Şimdi neden bundan memnunsun? Diye sorabilirsiniz. Acı çekmek, öfkelenmek veya yas tutmak neden bu kadar tatmin edici olabilir ki?
Çünkü bunu ben yaptım.
Evet, kararlarımdan memnunum çünkü bunu ben istedim ve yaptım.
Zamanında Halının altına süpürdüğüm ne varsa bir gün karşıma daha büyük olaylarla, sorunlarla ya da sıkıntılarla karşıma çıkmayı bildi. En çok da bu anlarda akıl danıştığım, dürüstlüğüne güvendiğim insanların düşünceleriyle hareket ettiğim zamanlarda oldu.
'Onlar benden daha iyi bilir, onlar bu durum karşısında benden daha güzel bir şekilde başa çıkabilir'
Başkalarının kararları ile adım atmanın sonucunda kendim olamadığımı içten içe biliyordum ve bu durum karşısında özsaygımı yitirmiştim. Sonuçta ben beceriksizdim. Yetersizdim.
Bu yüzdendir ki kendi aklımla hareket etmek yerine kontrolü tamamen başkalarının eline vermiştim.
Bu da içimde biriken acı, öfke, kendimi iyi ifade edememe, anlaşılamama, yalnızlık ve hatta sevgisizlik ile harmanlandı.
Onlara kulak tıkadım.
Çünkü algıladığım kadarıyla tutarlı olmalıydım.
Öfkemi belli edersem geçimsiz,
duygularımı söylersem zayıf,
alınganlığımı iletirsem yalnız kalacağıma inandım/inandırıldım.
Onu yapma.
Öfkelenme.
Saçmalama.
Fazla düşünme.
Alıngan olma.
Sonuç: duygularından ve hatta kendinden bile emin olamayan bir karakter.
Kimi suçlamalı? Aileyi mi? Çevreyi mi? Yoksa kendimi mi?
Aile bir noktadan sonra yetersiz olabilir, çevren seni anlamayabilir. Peki ya kendin?
İtiraf et. Kendini hiçbir zaman dinlemedin. Fırsat bile vermedin. Düşüncelerin hiçbir zaman sana ait değildi.
Başkalarınındı.
Kol kırılır yen içinde kalır atasözünün karşılığı olabilirim, ama bir şeyi daha keşfettim: bunun da sorumlusu bendim. Onlara izin verdim, beni tutsak etmelerine razı oldum.

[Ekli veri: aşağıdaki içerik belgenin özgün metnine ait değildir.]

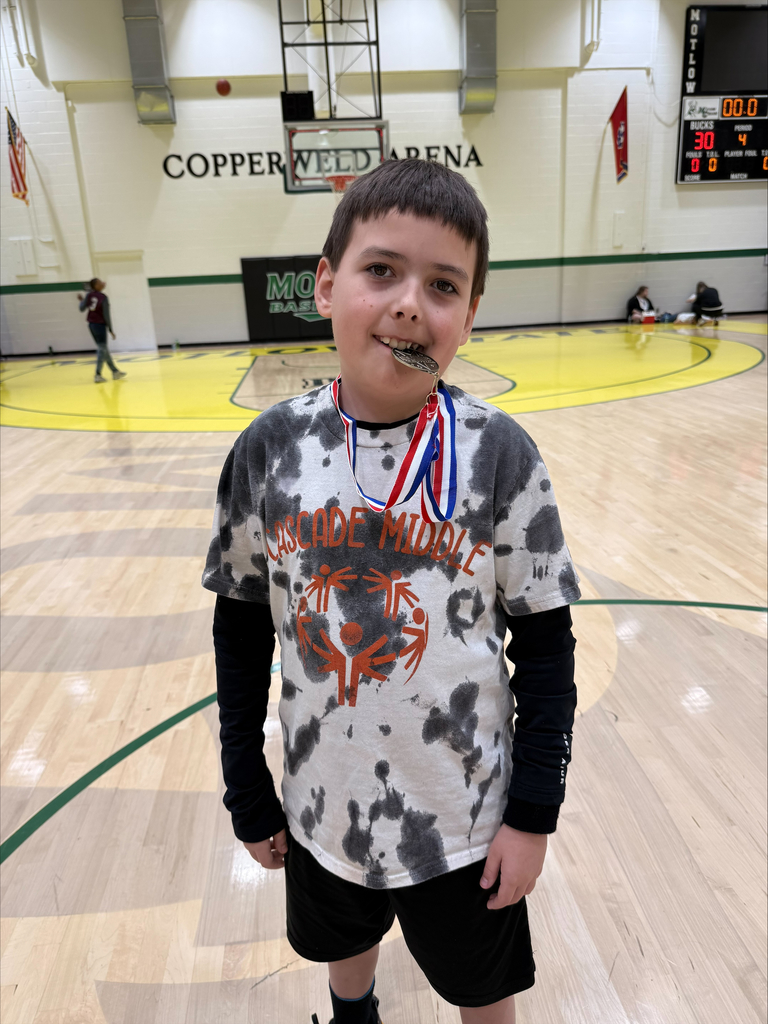 A Cascade Middle School student receives a medal.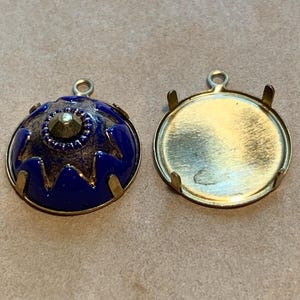 May include: Two ornate pendant settings. One is a deep blue, domed shape with a central gem and gold accents. The other is a gold-toned, open-backed setting with prongs for securing a stone or embellishment. Both have small loops for hanging.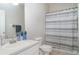 Bright bathroom featuring a white vanity, toilet, and a shower with a gray and white striped curtain at 5814 Heronpark Pl, Lithia, FL 33547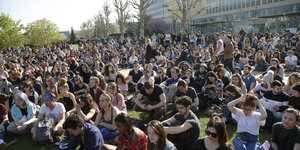 StudentInnen sitzen vor einer Universität auf dem Rasen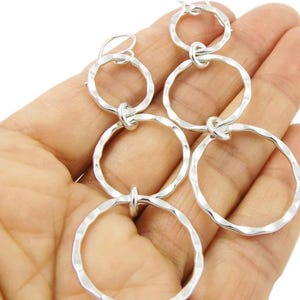 May include: Silver-toned dangle earrings featuring a series of connected hammered rings. The earrings have a textured surface and are suspended from a simple hook. The design is modern and minimalist, suitable for everyday wear or special occasions.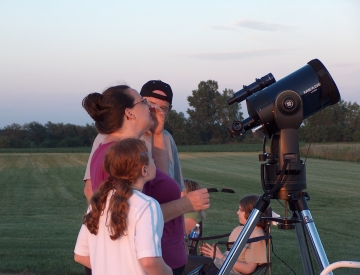 Students around telescope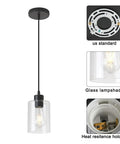Dimmable Black Farmhouse Glass Cylinder Pendant Light for Kitchen Island Clear Glass Mini Pendant Fixture with 4.75 Inch Shade and Dual 58 Inch Cords Ideal for Modern Dining and Bar Areas Pack of 3, showing clear glass lampshade and ceiling mount.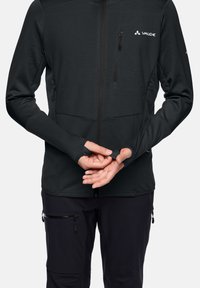 Giacca nera con zip, realizzata in tessuto testurizzato, con fori per il pollice nelle maniche e due tasche con zip. Abbinata a pantaloni scuri e un design minimalista.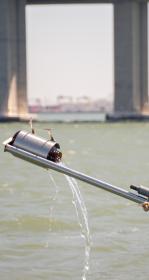 Water falling from a bottle attached to the end of a long pole into San Francisco Bay below Bay Bridge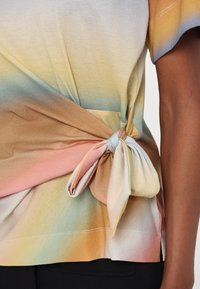 T-shirt multicolore présentant un motif dégradé doux aux teintes de bleu, jaune, pêche et marron, noué à la taille avec un nœud en tissu.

Pişmanlık ve hayal kırıklığı kalbime bir cam parçası kadar yavaş yavaş işlerken düşündüm. Ne kadar onların etiketlemelerine maruz kalırsam o kadar duygularımdan uzaklaşacak, onların isteklerine, yaşanmışlıklarına boyun eğecektim.

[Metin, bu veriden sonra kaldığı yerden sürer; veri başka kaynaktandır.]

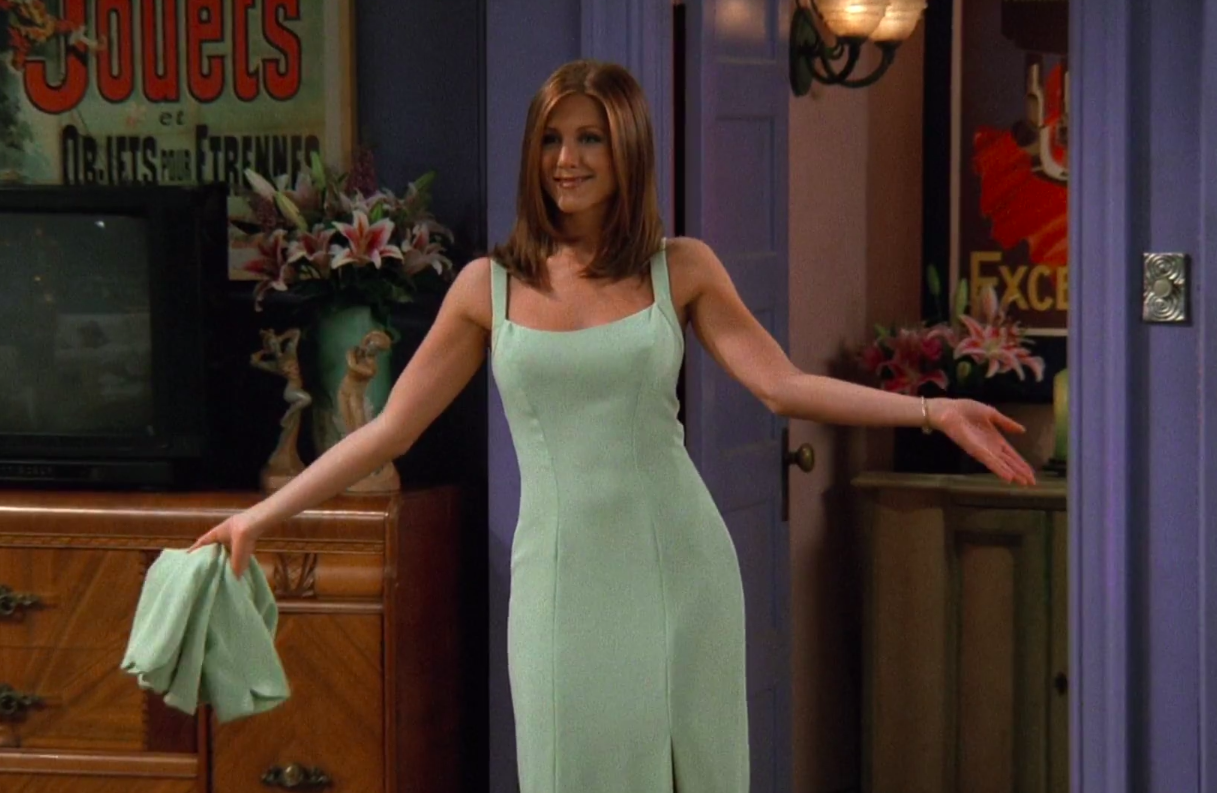 Rachel wearing a light gown with a slit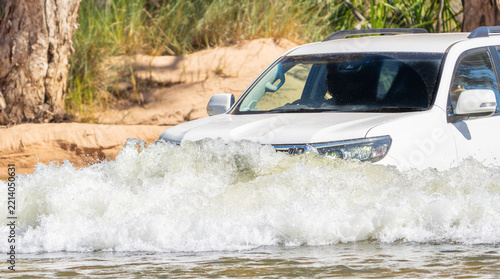 4x4 vehicle driving through or across river on expedition  in Western Australian outback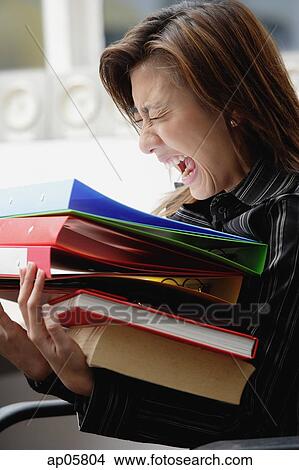 Female executive carrying folders and binders, screaming View Large Photo Image Picture - Female executive carrying folders and binders, screaming. Fotosearch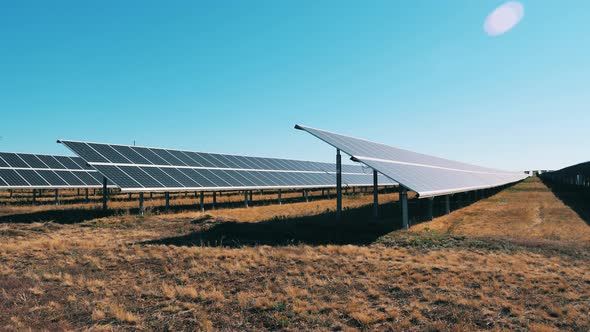 Open Field with Rows of Solar Constructions. Energy Efficiency, Energy Saving Concept. alt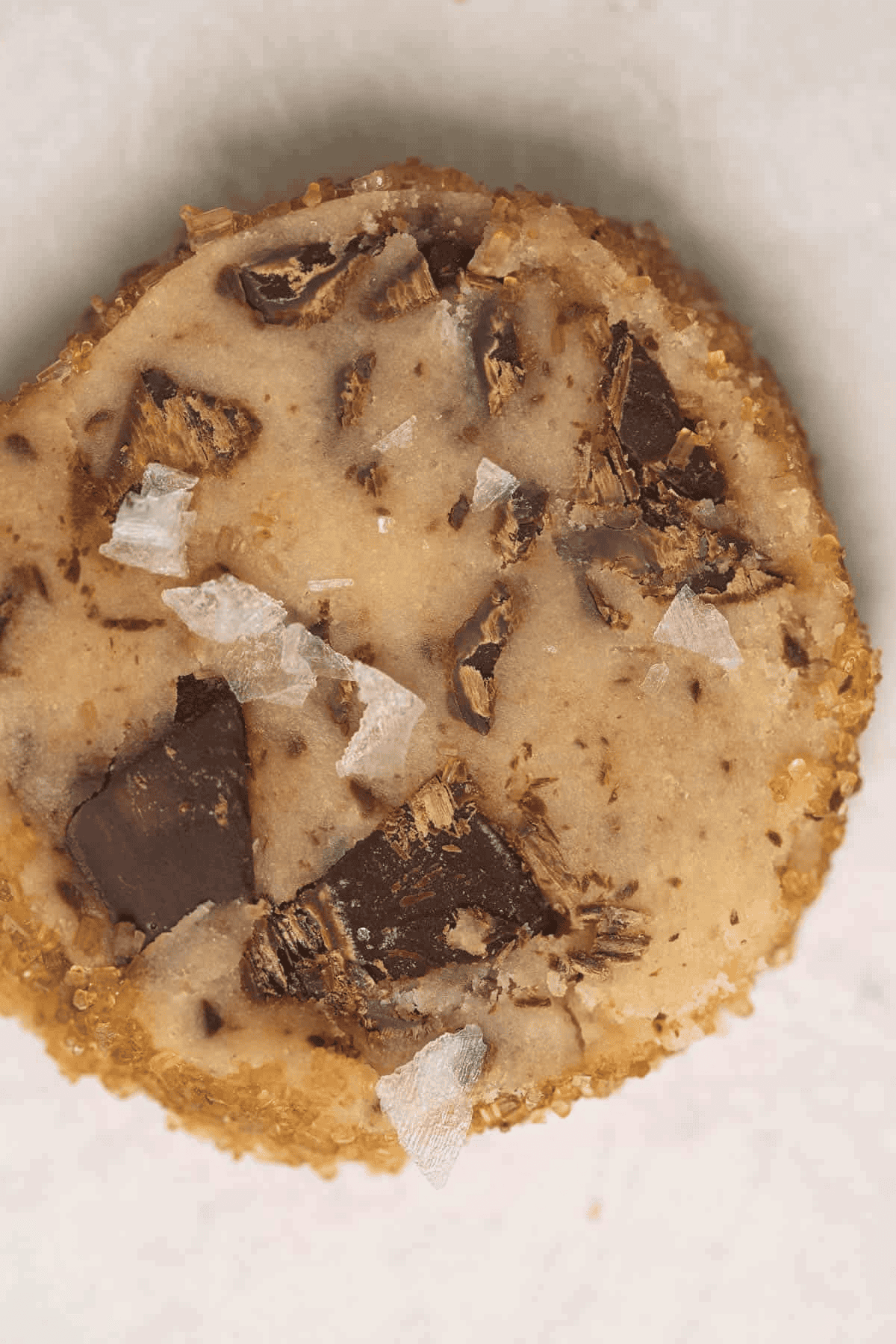 Unbaked Salted Chocolate Chunk Shortbread Cookie with flaky salt on top.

Kısacası kendimi göz ardı edecektim.
Ses etmedin.
Kırmak istemedin, kırılacağını bile bile.
Yüzleşmekten korktun, kaçtın.
İtiraf edemedin, hislerini bastırdın.
Güçlü olmak istedin ama uğruna feda etmekten korktun.
Bir döngü insanı ancak bu kadar yıpratabilir, ancak bu kadar yok edebilirdi.
Şimdi ne yapmalı?
Seni şekillendiren tüm o dayatmalar, normlar, öğütler...

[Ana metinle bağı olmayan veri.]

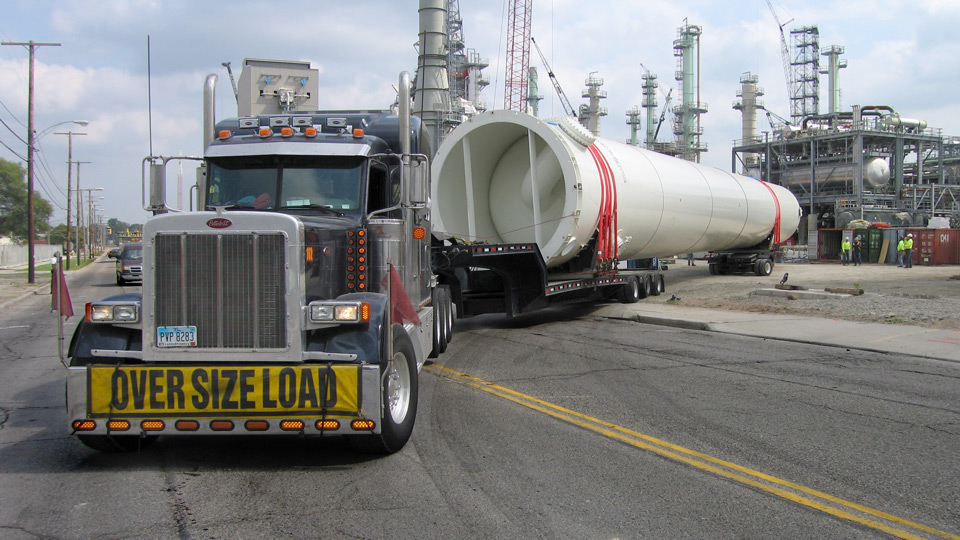 A oversize rig backs into a job site hauling a large surge drum on 13 axles.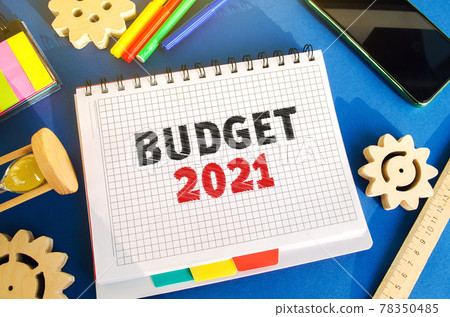 Notebook with inscription Budget 2021. Accumulating money and planning a budget. Business and finance. Loan, deposit, credit. Investments. Goals, income. Gears, hourglass, telephone Notebook with inscription Budget 2021. Accumulating money and planning a budget. Business and finance. Loan, deposit, credit. Investments. Goals, income. Gears, hourglass, telephone 78350485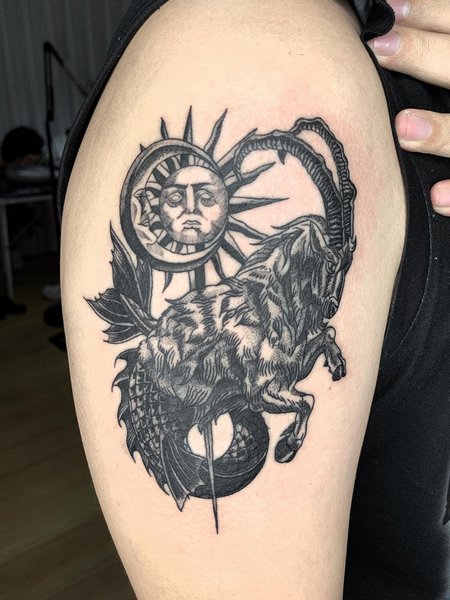 Capricorn Sun And Moon Tattoo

Hepsi onlarındı. Senin değil.
Bu yüzdendir ki kabuğuna çekilip isteklerini gözden geçirmen. Arkana yaslanıp aheste aheste kendini izlemen.
Her zaman affedici olsan da yapıcı değildin.
İnsan kendinin en büyük düşmanı olabiliyormuş. Bu zamana kadar kendime yaptıklarımdan özür diliyorum.
Evet bu bir kendini bulma hikayesi. Nereye ulaşacağımı bilmiyorum ama en güzeli de bu değil mi zaten?
Bilinmeyeni keşfetmek.
Kendini öğrenmek.
Arayışta olmak.
Sanırım yolculuğumu tanımlayan en güzel sözcükler bunlar olurdu.
Şimdi keyifle açtığım yeni sayfamı kendi başıma doldurmanın huzuruyla başbaşayım.